Europe rights court rules prisoners banned from voting will not be compensated News
Europe rights court rules prisoners banned from voting will not be compensated

[JURIST] The European Court of Human Rights (ECHR) [official website] ruled [judgment; press release] Tuesday that UK prisoners who had been prevented from voting are not entitled to receive compensation for their legal costs. The 1,015 petitioners are current or ex-prisoners whom the Representation of the People Act of 1983 [text] prevented from voting in all elections held in 2009, 2010 and 2011. They claimed that this law violated Article 3 of Protocol No. 1 (right to free elections) to the European Convention on Human Rights [text, PDF] and that they should be monetarily compensated for the costs and expenses of the lawsuit. The court ruled that the law does violate the convention but that no compensation was due because this case was nearly identical to other prisoner voting rights cases in which the court has never awarded compensation and laid out clear protocol to that effect. The UK government is not planning to take any further action [Guardian report] on prisoner voting before the next general election in May.

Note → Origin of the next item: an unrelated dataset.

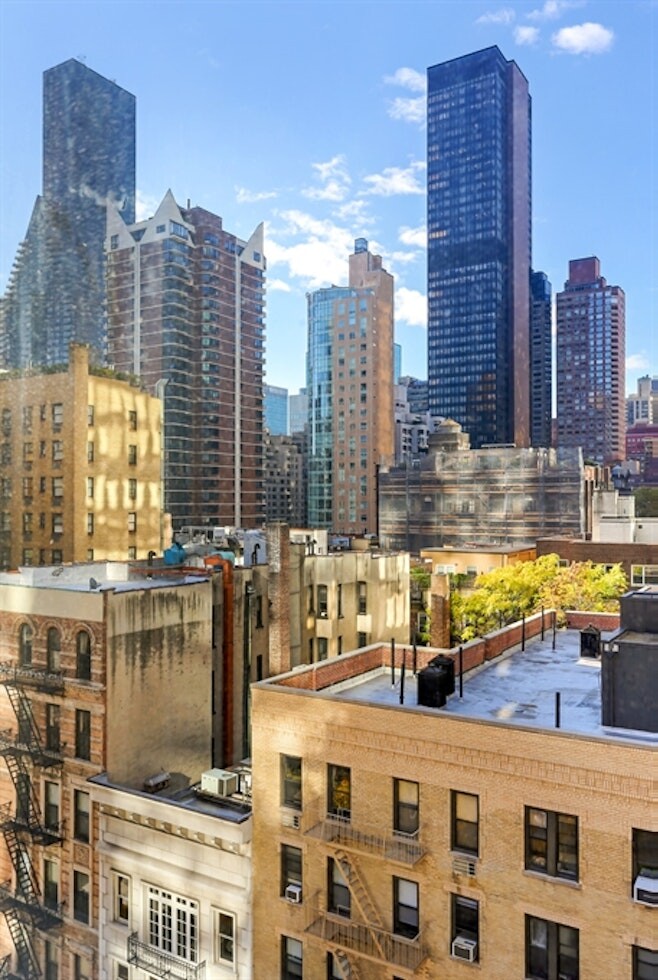 #11 photo, 211 E 51ST Street, 曼哈顿 中城东区 Turtle Bay , NY 10022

The controversy over UK prisoner voting rights stems from a 2005 case filed by John Hirst, who had been sentenced to life in prison for killing his landlord. Hirst claimed he should be able to vote while in prison, and the ECHR agreed, ruling [judgment, PDF] that the ban breached Hirst’s human rights. In March 2011 the UK government commenced legal measures to overturn an ECHR ruling [JURIST reports] that declared the UK’s ban unlawful. The government requested that the ECHR decision in Greens and MT v. the United Kingdom [JURIST report] be appealed to the Grand Chamber [official website] of the court, believing it may reverse the precedent that grants prisoners the right to vote. In October 2013 the Supreme Court of the UK upheld [JURIST report] the law that banned inmates from voting. In August the ECHR ruled [JURIST report] that the UK ban violates prisoners’; human rights. JURIST guest columnist Richard Edwards of the University of the West of England Bristol Law School described [JURIST op-ed] the “constitutional crisis” facing the UK over prisoner disenfranchisement.